Americas

Trump administration’s deportation of man to El Salvador prison 'grievous error': Judge

'As defendants acknowledge, they had no legal authority to arrest him, no justification to detain him, and no grounds to send him to El Salvador,' Paula Xinis says in legal filing

Serdar Dincel  | 07.04.2025 - Update : 07.04.2025
Trump administration’s deportation of man to El Salvador prison 'grievous error': Judge A prison officer opening a gate at the Terrorism Confinement Center (CECOT) in Tecoluca, in San Vicente, El Salvador on April 04, 2025.

ISTANBUL

The Trump administration’s decision to deport a man from the state of Maryland to a prison in El Salvador prison was a "grievous error," a US federal judge said in a new court filing.

Judge Paula Xinis has ordered the Trump administration to arrange for Kilmar Abrego Garcia’s return from a notorious prison in El Salvador by Monday, rejecting the government's bid to pause the order during its appeal, ABC News reported on Monday.

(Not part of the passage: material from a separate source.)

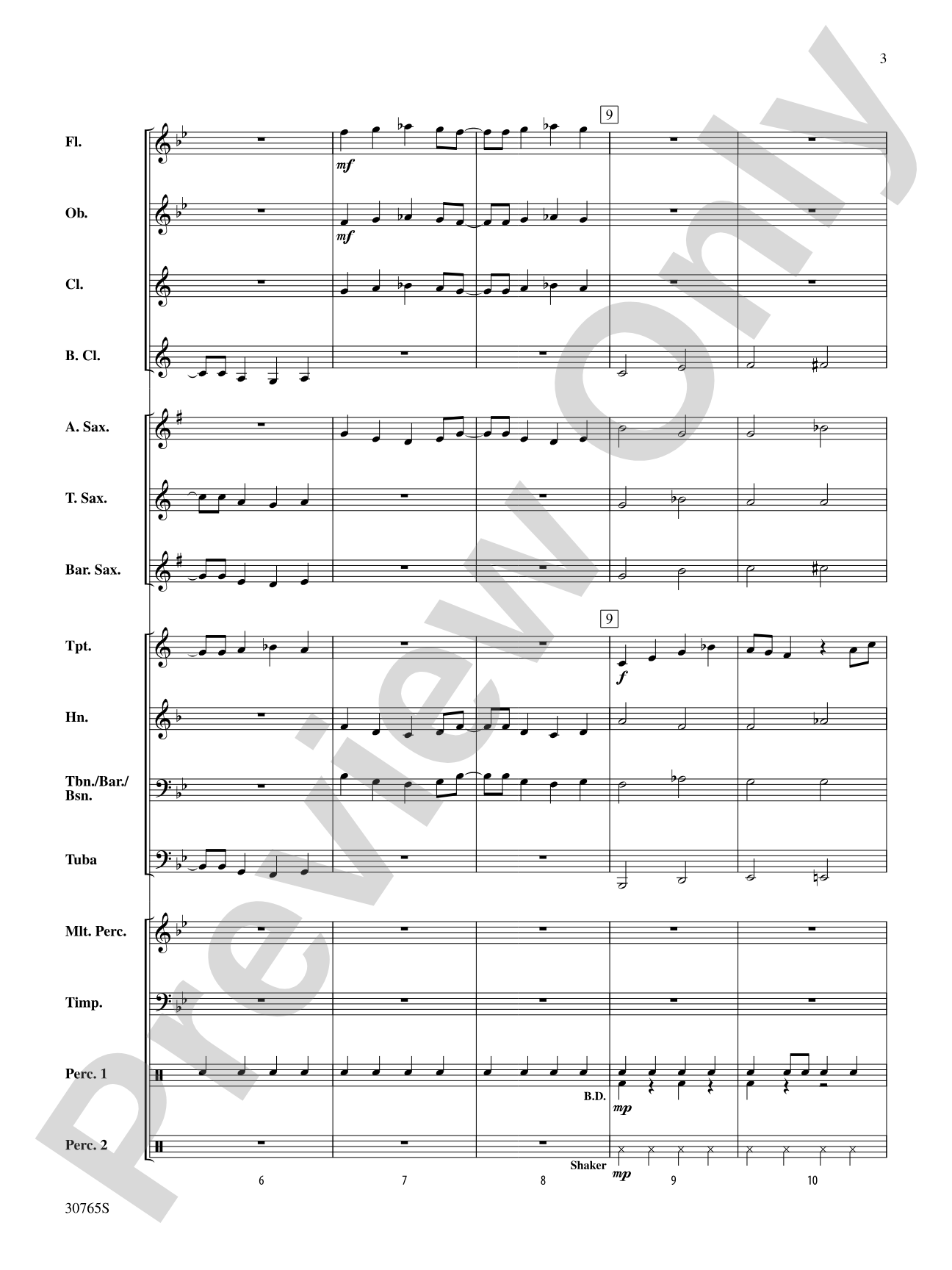 Two and a Half Men (Main Theme): Concert Band Conductor Score & Parts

"As Defendants acknowledge, they had no legal authority to arrest him, no justification to detain him, and no grounds to send him to El Salvador – let alone deliver him into one of the most dangerous prisons in the Western Hemisphere," Xinis wrote in the Sunday legal filing.

In 2019, an immigration judge granted Abrego Garcia a withholding of removal order, preventing the government from deporting him to his home country due to his fear of gang-related persecution.

In a sworn declaration filed on March 31, a US Immigration and Customs Enforcement (ICE) official acknowledged that an "administrative error" resulted in Abrego Garcia – who is married to a US citizen – being deported to El Salvador, flouting the 2019 order.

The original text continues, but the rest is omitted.